I don't think this is a winning proposition, because it can only mean one of two things:

- Talking about Star Wars, as it currently is and in its modern incarnations, is cringe.

- Talking about Star Wars of any variety, including the original and best stories, is cringe.

I'd wager that the majority of Critical Drinker's and Shadiversity's regular watchers - and I'm one of them - are only interested in modern Star Wars for the purposes of mocking it. I just opened up Critical Drinker's video about The Acolyte Episode 5, sorted the comments by 'new', and filtered out spam, gibberish, and off-topic discussions; roughly 2 comments in 10 are praising the show (whether sincerely or trolling, hard to say), 5 out of 10 are arguing that the lightsaber headbutt isn't a 'plot hole' so much as an act of plagiarism from far-superior source material in the Thrawn Trilogy, and the remaining 3 out of 10 are attributing the downfall of Star Wars to feminism, anti-white racism, incompetence, or a combination thereof. Those 8 out of 10 would probably describe modern Star Wars as low-status and would probably agree that *enjoying* it, or even watching it (aside from the one person a million taking one for the team and writing reviews) is cringe.

Disney+ subscriptions are packaged in with various Verizon and Xfinity internet / cable TV plans, along with various other bundles for other entertainment. It reaches a LOT of people. As of the latest Disney investor report (don't know if the spam filter will block the link, but if you search '2023 Annual Report Disney filetype:pdf' it'll be the first result), the two branches of Disney+ had a combined total of 141 million subscribers worldwide. If Critical Drinker and Shadiversity et al. stopped talking about Star Wars entirely, along with 100% of their audiences, those 141 million subscribers would still have advertisements for The Acolyte broadcast on their TVs as screensavers and recommended to them whenever they sit on the couch and try to find something to watch. A decent number would probably watch it.
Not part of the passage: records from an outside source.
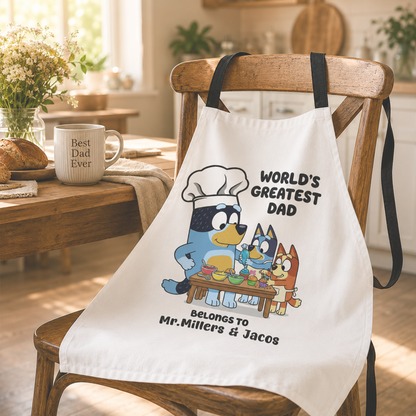 World’s Greatest Dad Apron – Funny BBQ & Cooking Gift for Father’s Day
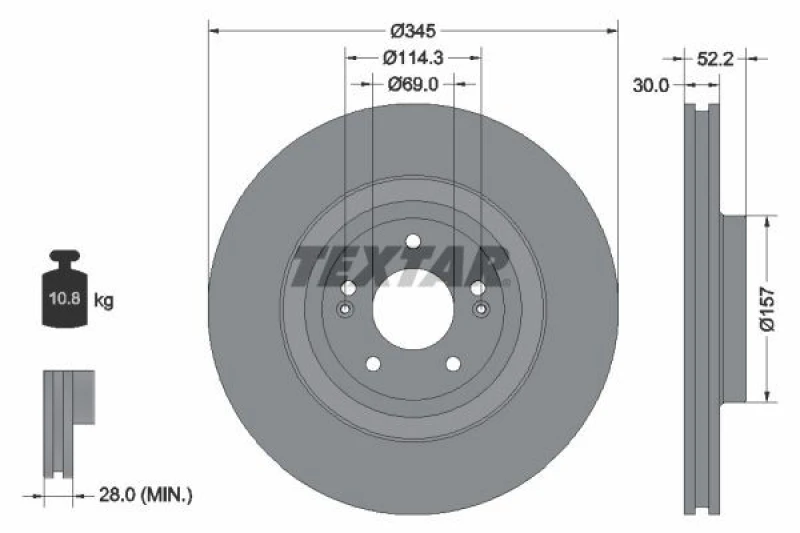 Image of Brake disc TEXTAR 92315103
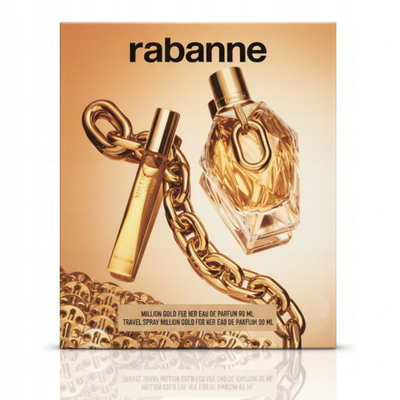 Set parfum Rabanne Million Gold For Her, EDP 90ml, spray udhëtimi 20ml, i artë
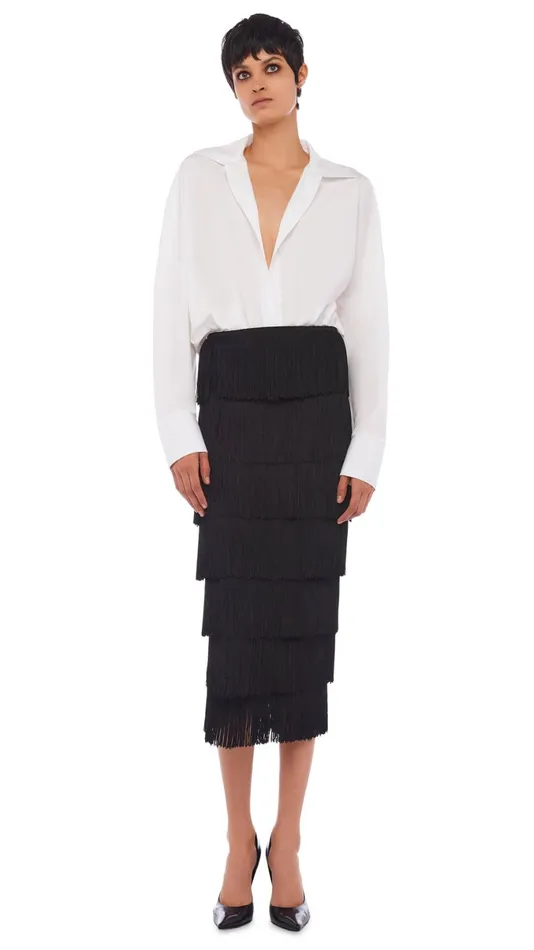 Norma Kamali Bottoms FRINGE SKIRT TO MIDCALF Black 8211 Clothing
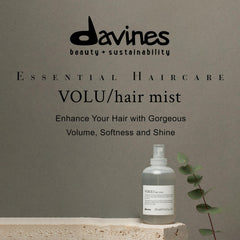 Davines VOLU Mist bottle back view highlighting ingredients and care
And if that kind of garbage is all you're watching, your standards for what's good and what isn't will get lower and lower. I don't know a single person who decided to watch The Acolyte after seeing a scathing review of it online. I know several who decided to watch it because it was the first available option on the TV, and who kept watching because it was marginally better than burning out their dopamine receptors on TikTok. They're not being persuaded to watch TV. They were already going to watch TV.
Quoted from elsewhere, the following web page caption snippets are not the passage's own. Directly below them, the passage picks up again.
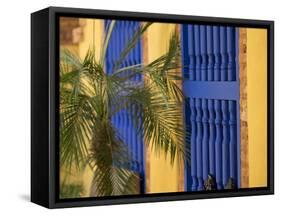 Cuba, Trinidad, UNESCO, blue shutters in courtyard of Casa Particular, Spanish style colonial home-Merrill Images-Framed Stretched Canvas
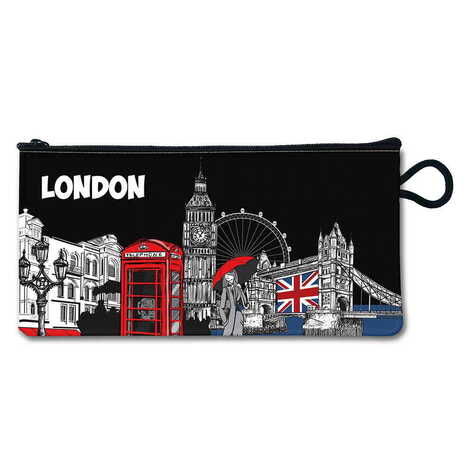 London Themed Customised PVC Pencil Case Purse 210x100 mm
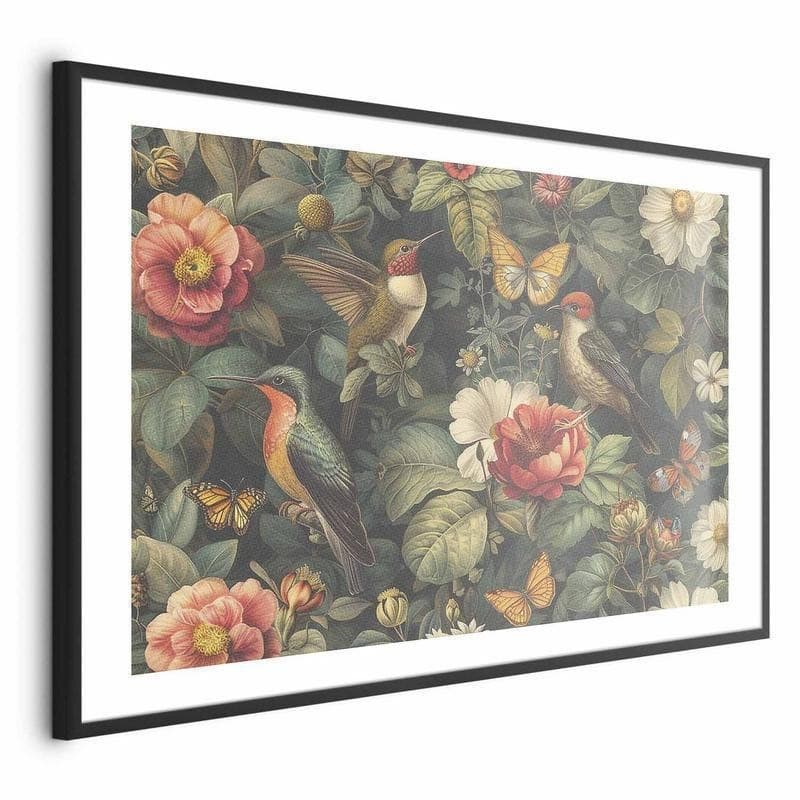 Poster - Flowers, Birds, and Butterflies - vintage-style illustration in Poster e stampe Collezione Casa - Trebisacce, commercioVirtuoso.it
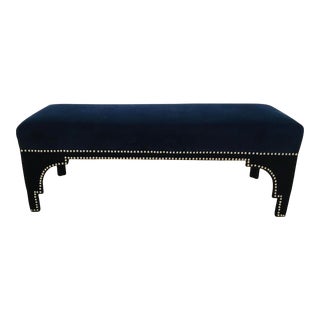 Modern Navy Blue Velvet Bench For Sale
I heard more people mentioning (and mocking) Bud Light during the boycott than I ever had before the boycott, even with Bud Light's legendary ad campaigns like "Real Men of Genius". You can't get to "Talking about modern Star Wars is cringe" without first passing through "Enjoying modern Star Wars is cringe, and let's make fun of modern Star Wars and its enjoyers". You might be past both stages, but the average Disney+ subscriber is not yet at either stage. If you mean the first interpretation, then your proposition is that you want the effect without the cause. That's a hard sell.

The second interpretation, obviously, is going to be an even harder sell. Most of the people attacking modern Star Wars online hate the feeling of helplessness against the seven deadly sins that seem to be swallowing up the world. They write scathing reviews and comments because feeling cathartic rage lets them feel like they're fighting back. If, in addition to the other problems, you tell them that they have to cede further ground and declare that the Left can not only ruin things that are but things that have been...well, you're telling them to embrace the teddy bear from an infamous Critical Drinker review of Doctor Who a few years back. You're telling them to give the Left exactly what it wants in the one area where they think they can fight back.

The Left wants to rewrite history, and your pitch is that we should let history be rewritten. Star Wars isn't just about intersectional feminism now - Star Wars has *always* about intersectional feminism, just as Great Britain has always been full of black royalty.

You might understand why people could object to this.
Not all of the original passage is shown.